Within the listing below, give again exactly the lines between the one containing "Jongliernder Drache mit" and the one containing "Flying pen freedom", inclusive, pictures left aside.

- EXERCISE DATA
════

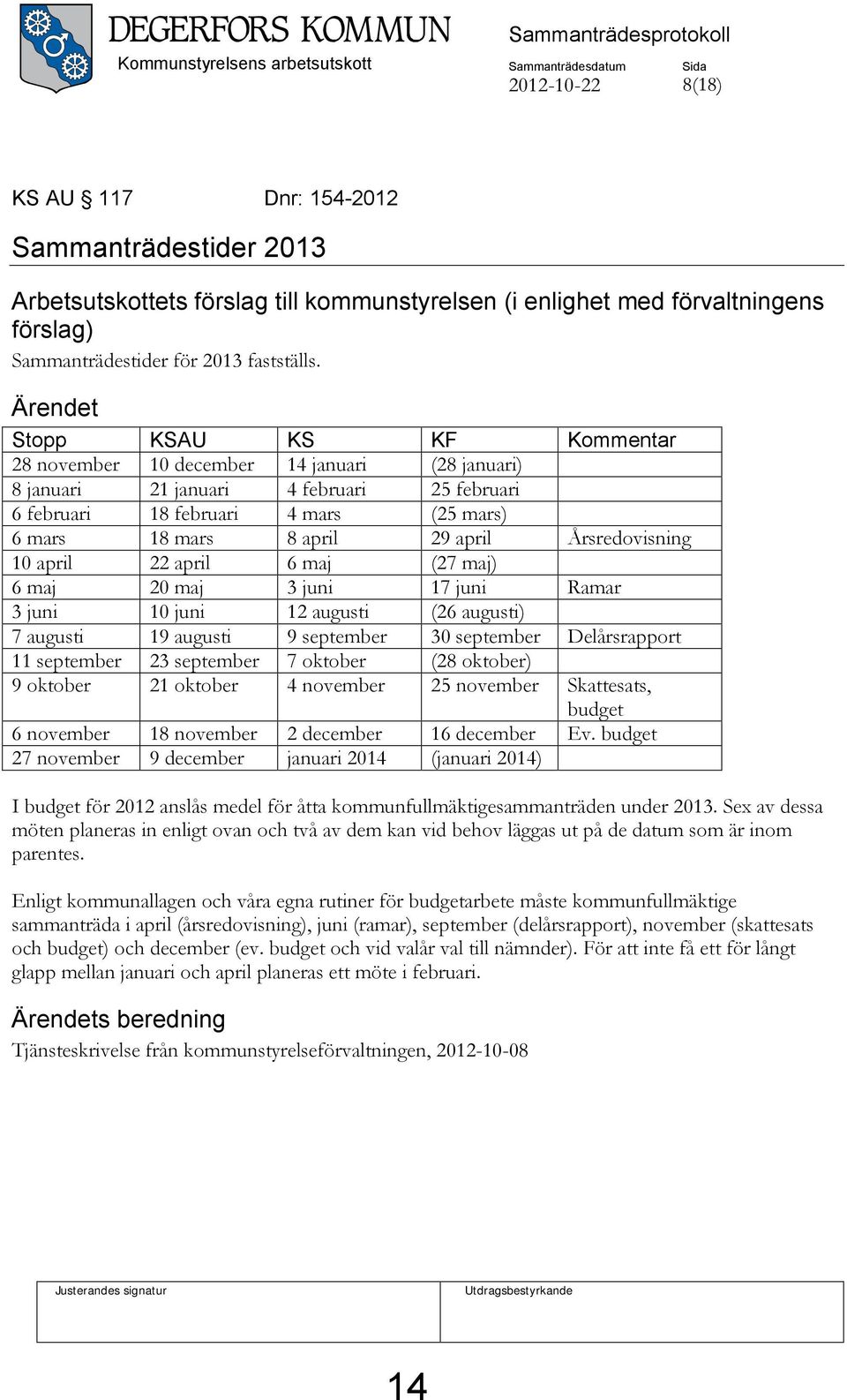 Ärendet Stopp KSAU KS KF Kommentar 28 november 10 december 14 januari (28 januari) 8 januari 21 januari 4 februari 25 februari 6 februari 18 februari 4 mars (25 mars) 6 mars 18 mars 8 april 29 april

════

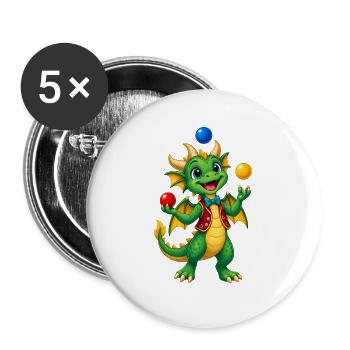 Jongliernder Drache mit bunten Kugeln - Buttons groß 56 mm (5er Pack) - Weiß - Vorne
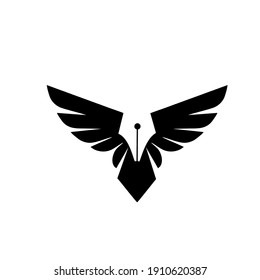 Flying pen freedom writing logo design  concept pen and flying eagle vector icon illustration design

════

- TASK OUTPUT
 Jongliernder Drache mit bunten Kugeln - Buttons groß 56 mm (5er Pack) - Weiß - Vorne
 Flying pen freedom writing logo design  concept pen and flying eagle vector icon illustration design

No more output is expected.